## Topical Modelling Banking Inquiry Hearings

I picked the hearings of the Joint Committee of Inquiry into the Banking Crisis because it's a relatively small dataset and because I've previously done some work to add keywords to it, drawn from a list provided by the committee staff. It will be interesting to compare the topic clusters with these keywords.

The banking inquiry hearings themselves are derivations from the original daily XML of committee hearings. Whereas the daily XML document contains all the hearings held on an individual date in one document, the hearings XML is divided into one document per hearing (and also including the attendance details though that's not relevant for this exercise). This doesn't make any difference to the workflow of the task, because I'm interested in the speaker uris, which are numbered according to the daily document if I ever want to cross-reference them. I'm only noting it now in case I run into any unexpected issues when I expand this approach to the broader set of debates.

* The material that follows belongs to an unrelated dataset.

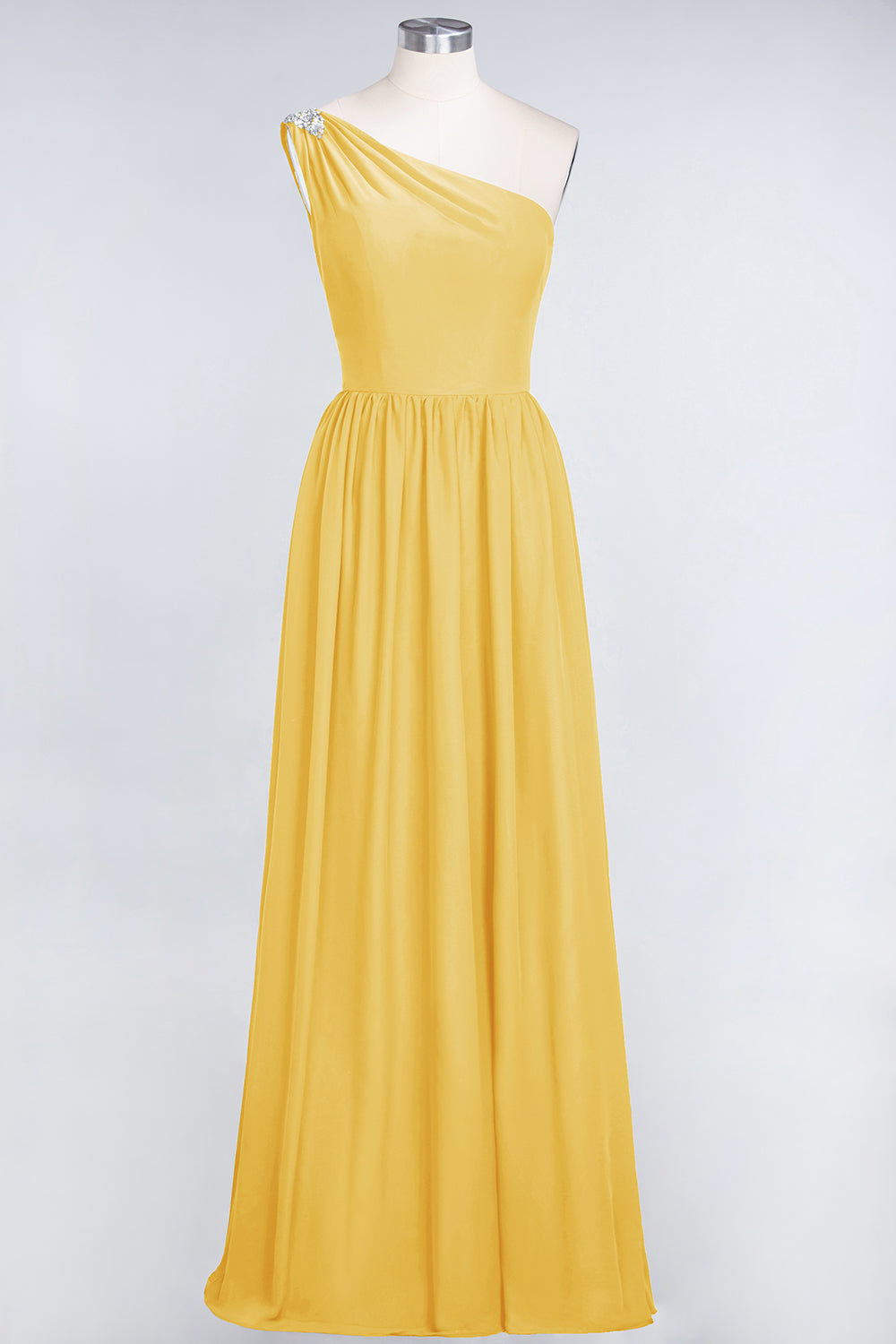 Affordable Chiffon One-Shoulder Ruffle Bridesmaid Dress with Beadings-Babyonlines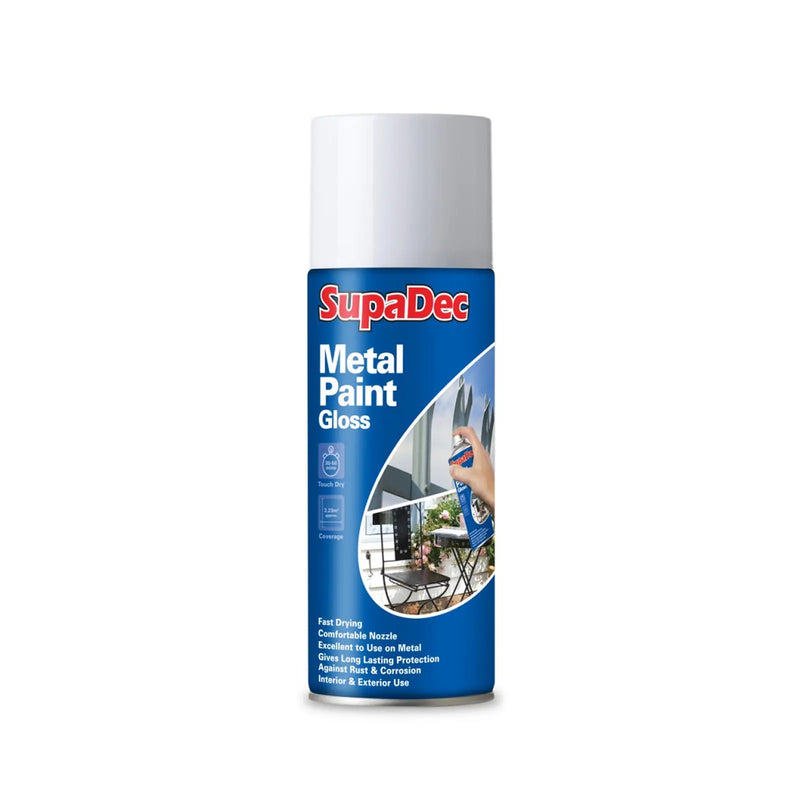 SupaDec Metal Spray Paint 400ml Gloss White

### Step 1: Retrieve XML from eXist-db and transfer to MongoDB collection

I'm transferring the data from a native XML database, eXist-db, to MongoDB because the latter has a more useful python interface, natively stores json and binary objects (eXist-db does the same but I haven't figured that out yet), and is more memory efficient (or at least I have a better idea how to use it in a memory efficient manner).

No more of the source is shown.